Work instruction — Copy, with no pictures, the line that contains "pilot-bft-mitto-b2-oryginalny-nowa-wersja-bft-mitto-cool-c2" and each line after it down to the end of the entries below, exactly.

Record extracts —
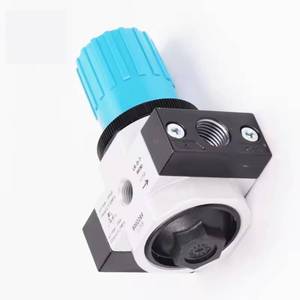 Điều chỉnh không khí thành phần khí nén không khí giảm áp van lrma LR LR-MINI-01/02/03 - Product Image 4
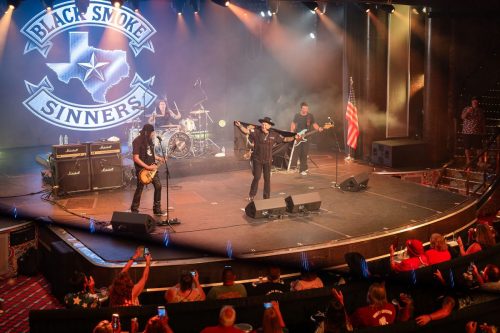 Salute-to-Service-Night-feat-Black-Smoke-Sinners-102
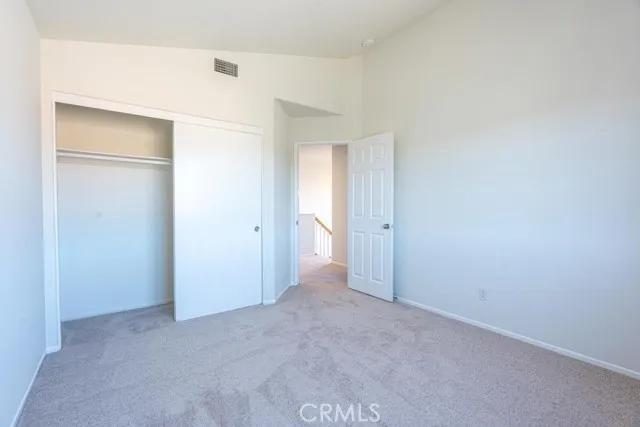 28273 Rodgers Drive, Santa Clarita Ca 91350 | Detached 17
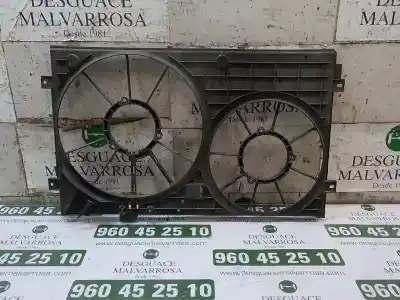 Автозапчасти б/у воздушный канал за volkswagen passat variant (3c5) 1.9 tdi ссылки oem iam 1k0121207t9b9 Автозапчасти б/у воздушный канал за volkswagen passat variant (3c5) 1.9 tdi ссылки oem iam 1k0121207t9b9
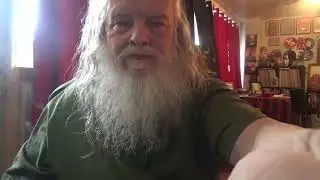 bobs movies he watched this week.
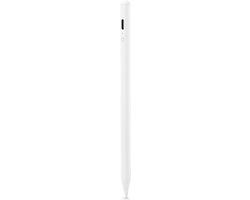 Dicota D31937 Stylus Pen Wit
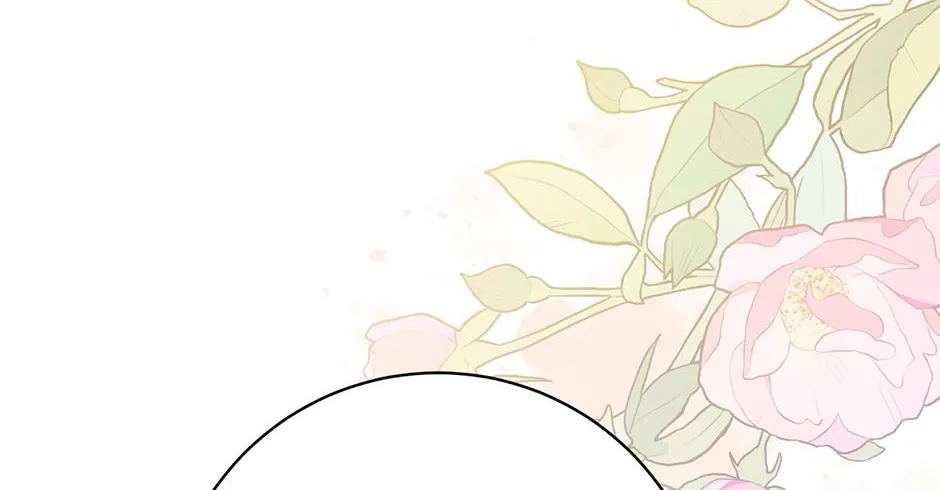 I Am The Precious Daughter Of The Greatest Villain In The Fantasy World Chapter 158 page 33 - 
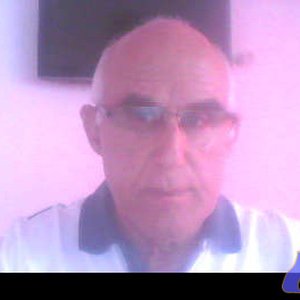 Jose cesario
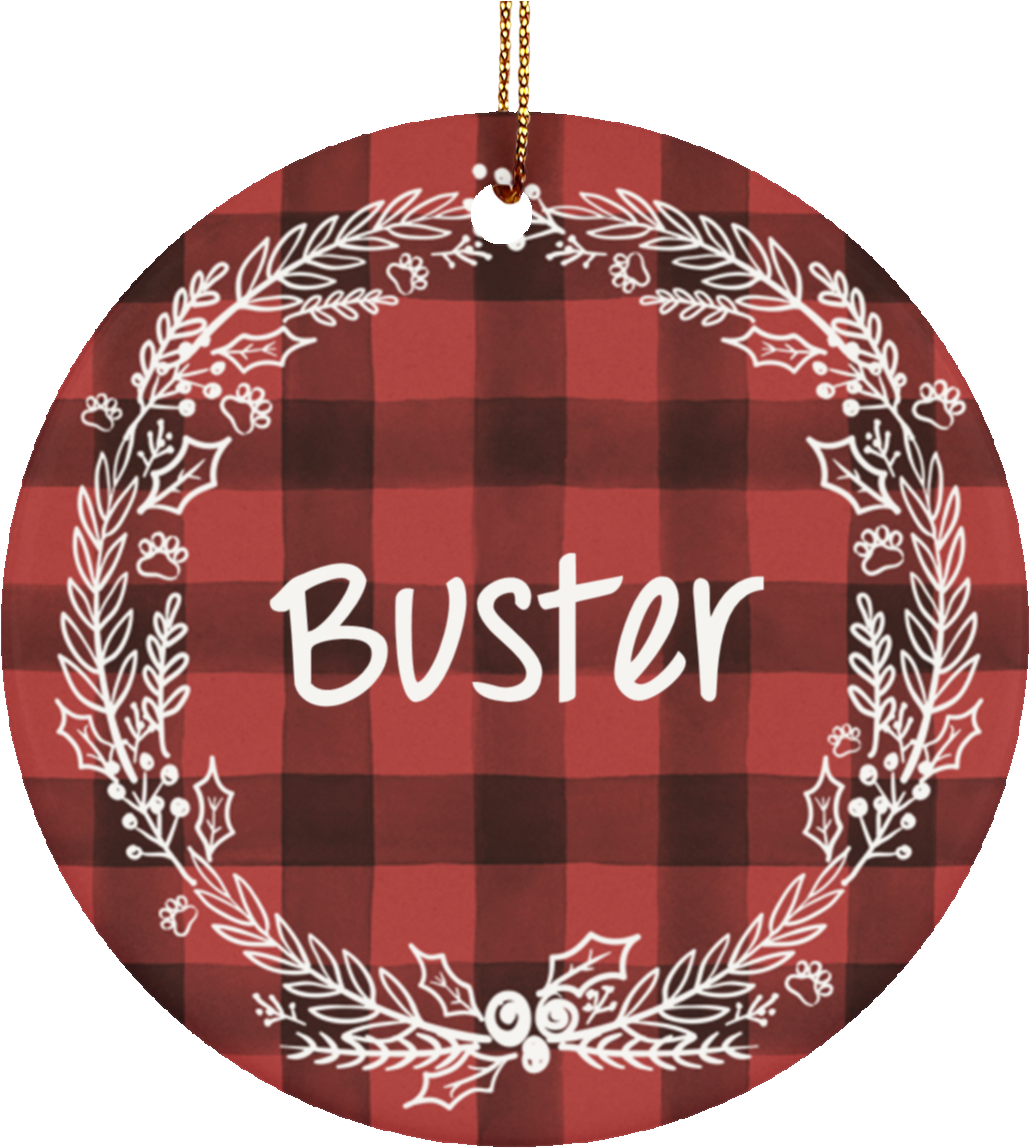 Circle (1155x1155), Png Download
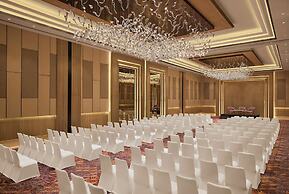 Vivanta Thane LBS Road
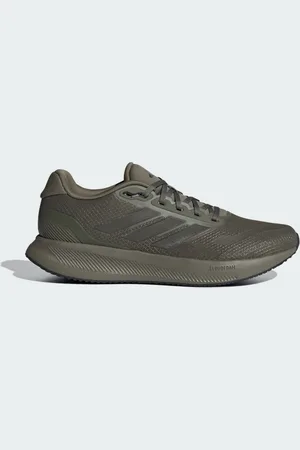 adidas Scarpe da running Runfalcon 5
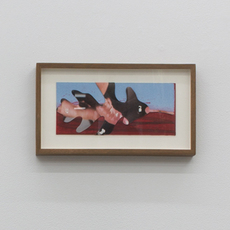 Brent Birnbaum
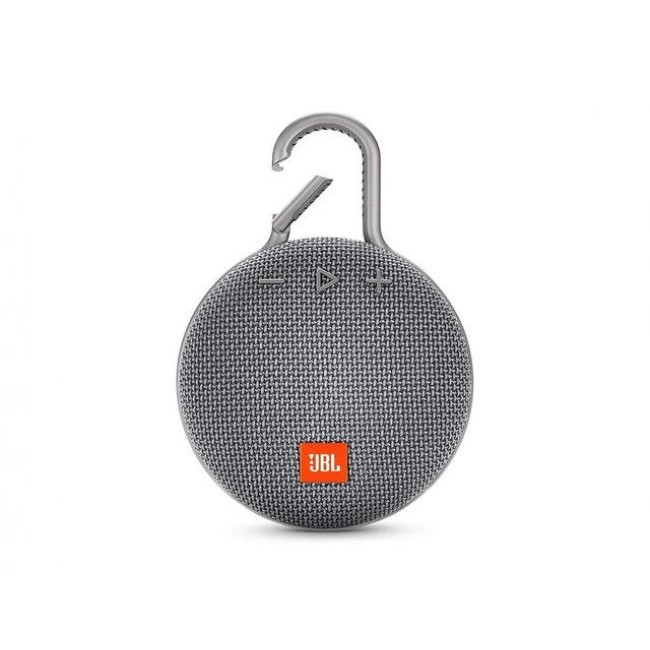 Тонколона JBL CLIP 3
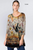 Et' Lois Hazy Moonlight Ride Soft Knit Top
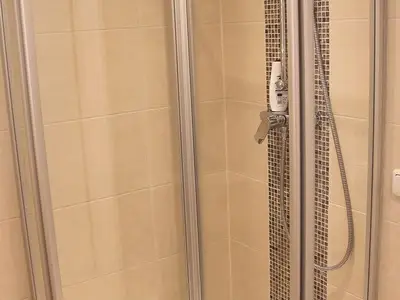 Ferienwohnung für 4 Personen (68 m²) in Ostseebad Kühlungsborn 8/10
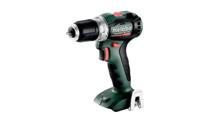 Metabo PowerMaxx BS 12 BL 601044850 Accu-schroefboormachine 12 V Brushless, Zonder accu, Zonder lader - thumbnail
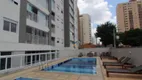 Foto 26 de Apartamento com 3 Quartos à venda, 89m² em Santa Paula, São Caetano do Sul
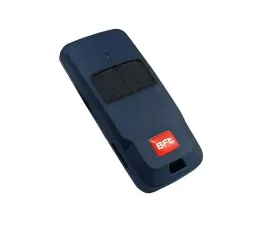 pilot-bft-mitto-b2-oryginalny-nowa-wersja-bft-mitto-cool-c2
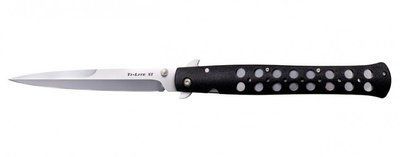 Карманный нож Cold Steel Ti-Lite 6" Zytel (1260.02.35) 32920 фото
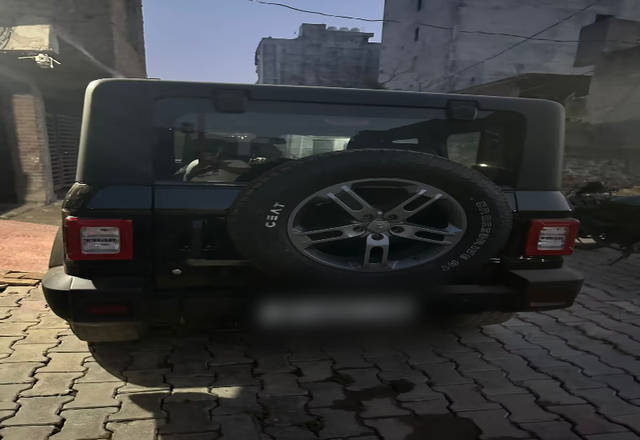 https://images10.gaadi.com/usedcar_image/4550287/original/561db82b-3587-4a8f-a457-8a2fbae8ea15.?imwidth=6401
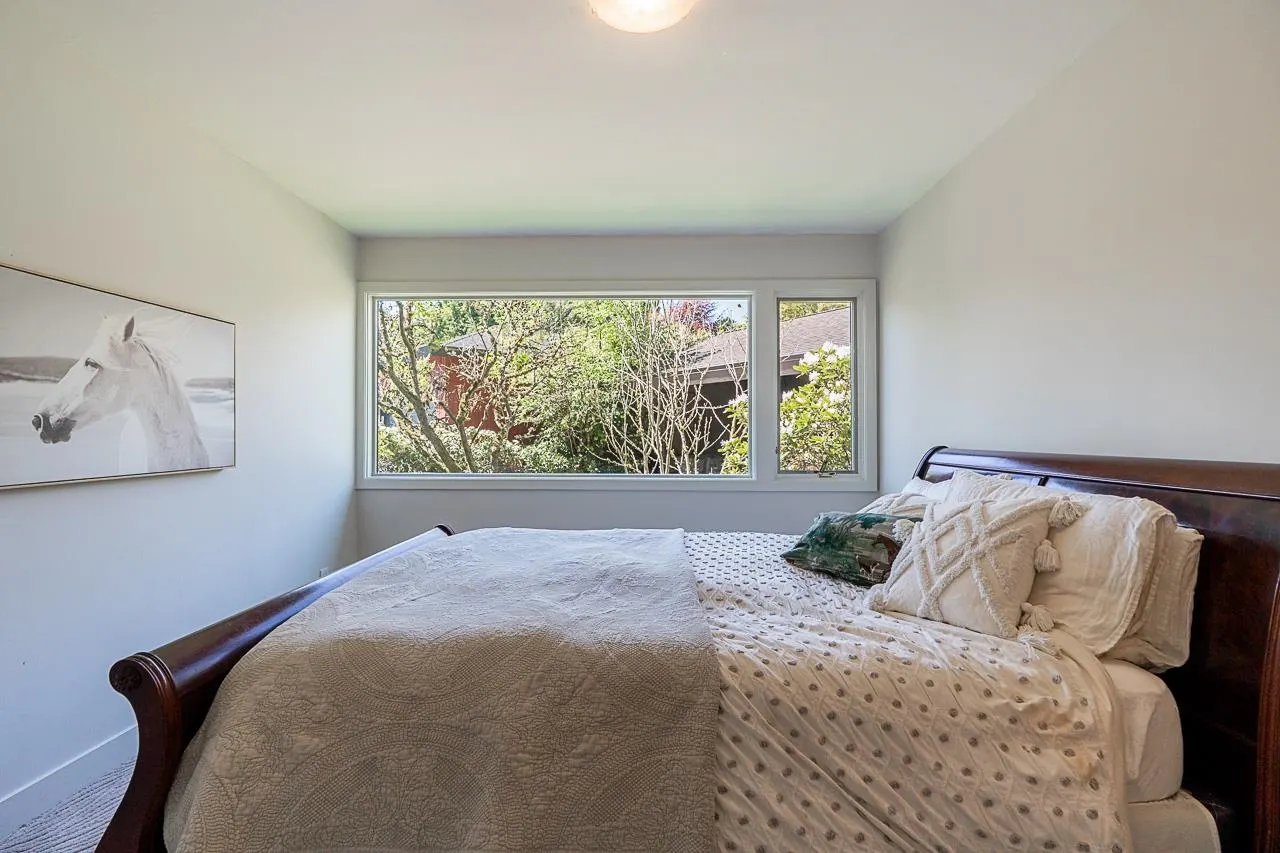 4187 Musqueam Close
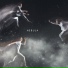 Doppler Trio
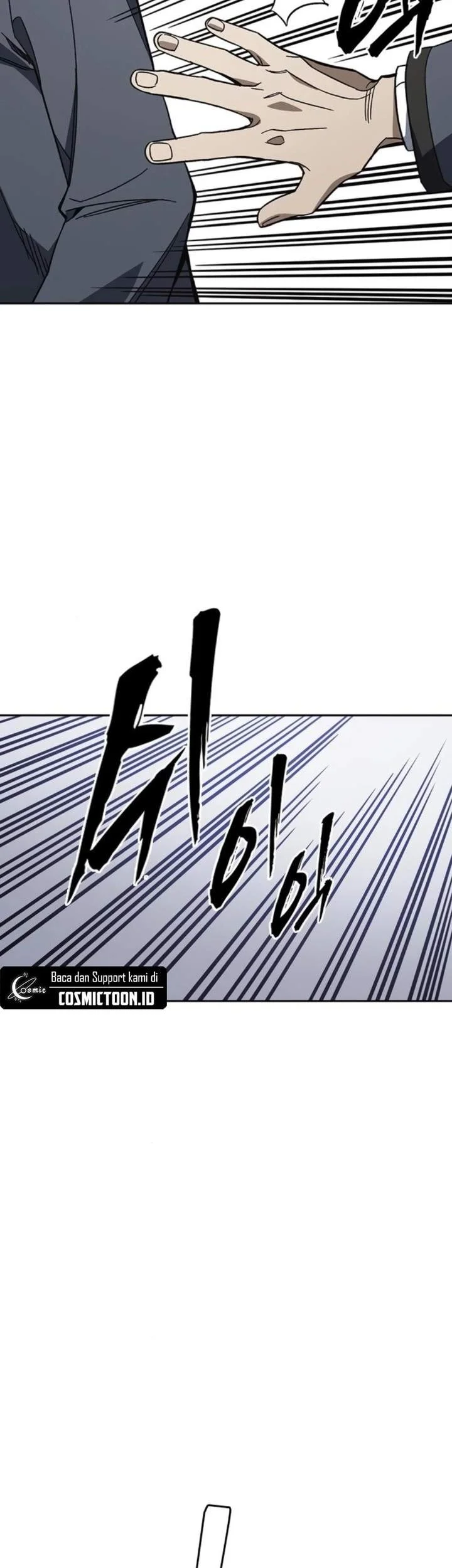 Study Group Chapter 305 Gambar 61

Exercise solution —
 pilot-bft-mitto-b2-oryginalny-nowa-wersja-bft-mitto-cool-c2
 Карманный нож Cold Steel Ti-Lite 6" Zytel (1260.02.35) 32920 фото
 https://images10.gaadi.com/usedcar_image/4550287/original/561db82b-3587-4a8f-a457-8a2fbae8ea15.?imwidth=6401
 4187 Musqueam Close
 Doppler Trio
 Study Group Chapter 305 Gambar 61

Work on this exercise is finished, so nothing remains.